Les débuts connus de l’utilisation du fluconazole en aquarium marins pour lutter contre certaines algues remontent à 2013, par un concours de circonstance. Dr Jose Mayo, un aquariophile Brésilien, a utilisé cet antifongique pour traiter ses poissons-clowns. Il a alors observé que les algues présentes dans son bac déclinaient, tant sur les vitres que sur les roches. Il s’est penché sur le sujet : comment un antifongique est efficace contre des algues ? La réponse se trouve au niveau structurel de la cellule de l’algue :  certaines espèces contiennent des molécules de gras, dont l’ergostérol. Or, le fluconazole bloque la synthèse d’ergostérol (ce qu’il fait chez les champignons contre lesquels il est utilisé de base). L’algue ne peut alors plus grandir, et l’incapacité à produire cette molécule essentielle à son intégrité la rend sensible face à son environnement (attaque d’alguivores, dégâts mécaniques, déséquilibres osmotiques entre l’intérieur des cellules de l’algues et l’eau environnante). C’est le cas notamment des Derbesia et Bryopsis.
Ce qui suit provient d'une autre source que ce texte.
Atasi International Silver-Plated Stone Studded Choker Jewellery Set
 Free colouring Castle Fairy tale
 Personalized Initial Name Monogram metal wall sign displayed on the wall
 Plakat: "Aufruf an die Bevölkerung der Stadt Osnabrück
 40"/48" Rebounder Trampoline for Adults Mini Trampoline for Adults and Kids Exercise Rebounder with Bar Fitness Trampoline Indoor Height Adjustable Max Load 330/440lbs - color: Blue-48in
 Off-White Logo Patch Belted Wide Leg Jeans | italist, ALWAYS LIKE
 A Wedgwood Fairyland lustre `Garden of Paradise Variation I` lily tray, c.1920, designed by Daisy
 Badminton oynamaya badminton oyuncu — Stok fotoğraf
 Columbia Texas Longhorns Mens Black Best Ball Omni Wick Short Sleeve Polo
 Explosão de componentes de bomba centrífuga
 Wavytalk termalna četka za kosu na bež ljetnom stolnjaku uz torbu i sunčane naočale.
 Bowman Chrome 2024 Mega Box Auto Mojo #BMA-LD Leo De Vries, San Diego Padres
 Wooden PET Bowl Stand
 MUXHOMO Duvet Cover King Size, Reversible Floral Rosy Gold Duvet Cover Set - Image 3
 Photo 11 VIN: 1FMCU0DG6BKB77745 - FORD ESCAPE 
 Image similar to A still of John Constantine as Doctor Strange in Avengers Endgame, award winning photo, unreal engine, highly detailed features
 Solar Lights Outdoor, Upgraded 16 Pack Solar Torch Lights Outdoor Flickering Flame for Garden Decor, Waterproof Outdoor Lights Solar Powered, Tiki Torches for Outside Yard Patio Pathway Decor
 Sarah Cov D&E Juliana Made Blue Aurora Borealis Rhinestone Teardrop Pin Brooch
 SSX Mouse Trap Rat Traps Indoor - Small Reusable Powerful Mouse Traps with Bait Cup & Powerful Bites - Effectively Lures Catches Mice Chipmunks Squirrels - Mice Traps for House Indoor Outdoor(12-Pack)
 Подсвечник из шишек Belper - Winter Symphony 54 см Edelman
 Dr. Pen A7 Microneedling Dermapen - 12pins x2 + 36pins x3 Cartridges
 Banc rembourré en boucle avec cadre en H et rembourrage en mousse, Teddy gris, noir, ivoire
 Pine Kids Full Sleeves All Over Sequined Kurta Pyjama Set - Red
Bryopsis plumosa – Crédit : www.algaebase.org
Derbesia fastigiata – Crédit : www.algaebase.org

Et pour les autres habitants du bac ?

La membrane des cellules d’animaux est contient du cholestérol, un autre lipide. Aucun animal connu ne possède l’enzyme impliquée dans la synthèse d’ergostérol. L’action du fluconazole est ciblée et touche uniquement cette enzyme, et donc la production de ce lipide. Il n’y a donc pas de toxicité directe du fluconazole sur les habitants « animaux » du bac.

Les zooxanthelles symbiotiques des coraux ne sont également pas touchées par le produit : leur lipide essentiel est le dinostérol.

Concernant les macroalgues, l’ergostérol a été identifié chez les Derbesia, Bryopsis, Caulerpes, Halimeda et Ulva lactuca.

Chez les autres, il n’est pas essentiel à leur intégrité structurelle. Certains ont observé un éventuel ralentissement de croissance. A vérifier cependant au cas par cas, selon l’espèce maintenue dans le réacteur ou refuge.

Le fluconazole agit au niveau structurel des cellules. Ici : Derbesia vaucheriiformis – Crédit : www.algaebase.org

Le ou les protocoles et considérations

Il y a quelques temps, le fluconazole ne se trouvait qu’en pharmacie et sur prescription, car celui-ci est utilisé pour son action antifongique chez l’Homme. Mais depuis la reconnaissance de son efficacité contre certains champignons touchants les poissons, et certaines algues, des marques aquariophiles en proposent.
Pour nous, il est essentiel d’opter pour celles-ci et la raison est simple. Les gélules ou comprimés formulés pour l’Homme contiennent des excipients, dont certains peuvent être toxiques pour nos aquariums.

L’utilisation du fluconazole est très simple : une dose unique de 5 mg/L est la plus souvent utilisée. Pour les plus frileux, vous pouvez distribuer la dose sur 2 ou 3 jours pour vérifier comment réagit le vivant de l’aquarium. Pour un résultat plus percutant, un dosage de 9 mg/L est également utilisé, avec les mêmes résultats.

Lors du traitement, retirer charbon actif, filtre UV, résines et le godet de l’écumeur (mais le laisser allumer pour garder les bienfaits de son oxygénation).
Les résultats sont visibles entre 7 jours (la Bryopsis notamment) et un mois (Derbesia et Cladophora – algues filamenteuses).

Derbesia tenuissima – Crédit : www.algaebase.org

Lorsque les algues ont disparu, vous pouvez alors au choix reprendre des changements d’eau pour conserver de bons taux de nutriments, placer du charbon actif, rallumer le filtre UV. Remettez également en place le godet de l’écumeur.

 

Pendant le traitement, veillez à mesurer régulièrement (idéalement tous les jours, au moins les premiers) :

  • Les nitrates et phosphates : la mort des algues entraîne une hausse des nutriments, surtout avec l’écumeur sans godet.
  • Le KH : avec la hausse des nutriments, la croissance des coraux durs peut être impactée

 

Si les NO3 et PO4 montent de trop, faites un changement d’eau partiel, en rajoutant 5 mg de fluconazole par litre d’EAU CHANGEE. Ajustez le dosage de la solution de carbonates selon l’évolution du KH.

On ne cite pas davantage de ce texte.